Growing up in 1990s was not easy. Nepal was an infant democracy, trying to learn how to walk the democratic path. The panchayat era influence on Nepali sports was there, although weakening; the newer controllers were trying to learn how to rein it in; the free market economic policy was the buzzword, although the younger lot were still to grab the concept; the insurgency was just flaring up in some remote part of the country; prices were going up and pocket money was not able to match with those; the curriculum wasn’t getting easier and the career path appeared limited; the IT revolution had started in our neighbourhood and we were not part of it – all enough to keep teenagers frustrated.

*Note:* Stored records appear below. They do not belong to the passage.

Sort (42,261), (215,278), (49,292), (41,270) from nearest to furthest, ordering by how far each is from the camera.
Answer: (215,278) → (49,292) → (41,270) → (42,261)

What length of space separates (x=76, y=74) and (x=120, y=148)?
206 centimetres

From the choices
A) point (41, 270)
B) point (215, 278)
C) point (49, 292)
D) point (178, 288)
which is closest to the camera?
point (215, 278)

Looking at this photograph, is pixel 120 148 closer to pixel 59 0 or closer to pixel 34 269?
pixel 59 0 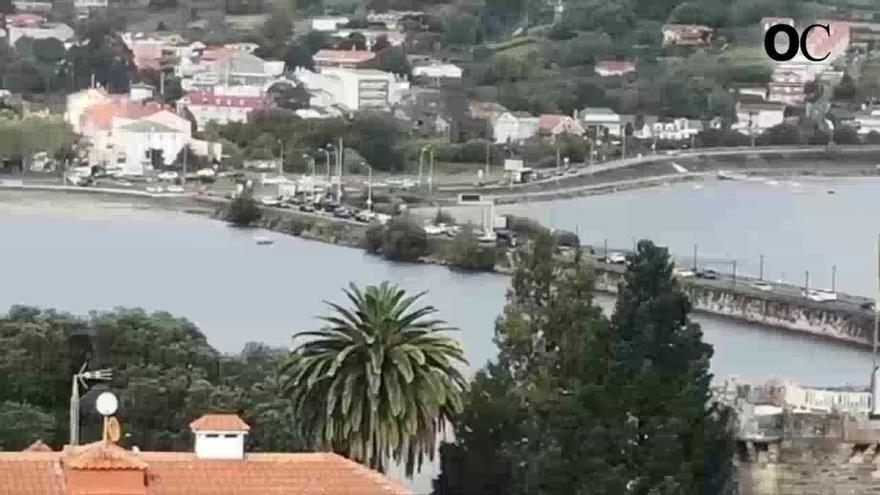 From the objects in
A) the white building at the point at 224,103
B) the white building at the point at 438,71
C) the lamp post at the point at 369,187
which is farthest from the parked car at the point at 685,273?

But then there was Sachin Tendulkar. In some of the most ferocious strokeplay we’d ever watched, we found peace. With a young boy looks (then he was young as well), and a heavy willow in his hands, he was trying to prove that there was hope, amidst frustration. The mortals suddenly appeared elevated, for there was some heavenly charm in those innings. The 90s had become bearable, despite frustrations it held for so many of us.
Come 2000s, we felt – journalists can be cruel people, especially with their questions. They talked about his decline. They asked him – When would you retire? And as most players, who spend a lot of time with PR coaches these days, he’d skirt away without an answer.
The fans looked sideways to find an actual answer. When there’s a lull in any player’s career, how do we know that he or she will not overcome the slump? Although journalists are quick to write a player off, fans are not.
And celebration of Tendulkar’s innings is vindication of fan’s faith in him. For they knew, it would come. It had to, even if it meant 7 centuries within a year.
And that’s a toast to Sachin Tendulkar, probably the greatest modern day cricketer, who could hold on to his fans, even when he could not do so, at times, with runs.